- Directed by: Steven de Jong
- Release date: 11 November 2007;
- Country: Netherlands
- Language: Dutch

= De Scheepsjongens van Bontekoe (film) =

2007 film by Steven de Jong

De Scheepsjongens van Bontekoe (English title: Storm Bound) is a 2007 Dutch family film, directed by Steven de Jong.

The film received a Golden Film for 100,000 visitors.

The film is based on the book Java Ho!, written by Johan Fabricius and published in 1924.

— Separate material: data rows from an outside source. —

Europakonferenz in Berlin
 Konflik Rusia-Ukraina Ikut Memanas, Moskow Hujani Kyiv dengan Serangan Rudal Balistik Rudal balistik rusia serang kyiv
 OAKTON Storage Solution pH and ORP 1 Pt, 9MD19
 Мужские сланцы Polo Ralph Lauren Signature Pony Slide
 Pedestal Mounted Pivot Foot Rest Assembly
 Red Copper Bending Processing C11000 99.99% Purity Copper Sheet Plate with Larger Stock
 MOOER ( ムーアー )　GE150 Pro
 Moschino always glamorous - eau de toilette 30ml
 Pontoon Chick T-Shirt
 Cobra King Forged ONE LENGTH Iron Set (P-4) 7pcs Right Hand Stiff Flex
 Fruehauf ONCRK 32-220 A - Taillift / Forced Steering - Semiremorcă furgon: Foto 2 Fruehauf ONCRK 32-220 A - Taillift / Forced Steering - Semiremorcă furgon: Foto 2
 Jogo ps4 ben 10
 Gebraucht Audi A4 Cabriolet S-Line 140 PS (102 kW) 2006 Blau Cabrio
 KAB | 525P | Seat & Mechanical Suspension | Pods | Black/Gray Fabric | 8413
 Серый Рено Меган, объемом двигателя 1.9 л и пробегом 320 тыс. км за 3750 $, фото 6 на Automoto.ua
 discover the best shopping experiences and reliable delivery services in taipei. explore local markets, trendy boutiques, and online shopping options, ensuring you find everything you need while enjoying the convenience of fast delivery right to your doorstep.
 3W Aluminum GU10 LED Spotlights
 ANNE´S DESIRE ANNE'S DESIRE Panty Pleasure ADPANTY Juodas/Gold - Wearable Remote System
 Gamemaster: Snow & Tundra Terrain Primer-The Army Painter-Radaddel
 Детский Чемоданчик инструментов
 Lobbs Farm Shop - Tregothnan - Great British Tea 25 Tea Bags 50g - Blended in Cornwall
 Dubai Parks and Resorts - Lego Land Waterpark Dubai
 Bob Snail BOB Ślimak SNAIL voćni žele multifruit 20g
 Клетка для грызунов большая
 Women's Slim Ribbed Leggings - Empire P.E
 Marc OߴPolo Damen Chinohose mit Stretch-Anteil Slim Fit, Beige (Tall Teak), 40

==Plot / differences with the book==
In the film three of the boys play the central roles: Hajo, Rolf, and Padde, while Harmen is here an adult. In the film after the ship wreck the four plus Hein Rol and two other men are in a lifeboat. They do not make a sail but row. They assume that Willem Bontekoe is dead. One of the men dies. The remaining six meet locals and trade with them. Rol and another man try to steal from the locals, after which the six are attacked. The three boys together with local girl Dolimah move on. After some time Dolimah returns, and the three reach Java. However, the danger is not over because the authorities want to kill Padde because the ship wreck was his fault. Bontekoe shows up, he has survived too, and saves Padde by lying that it is not him. They get a job on Bontekoe's new ship on its voyage home. Hajo proudly brings his earnings to his poor mother.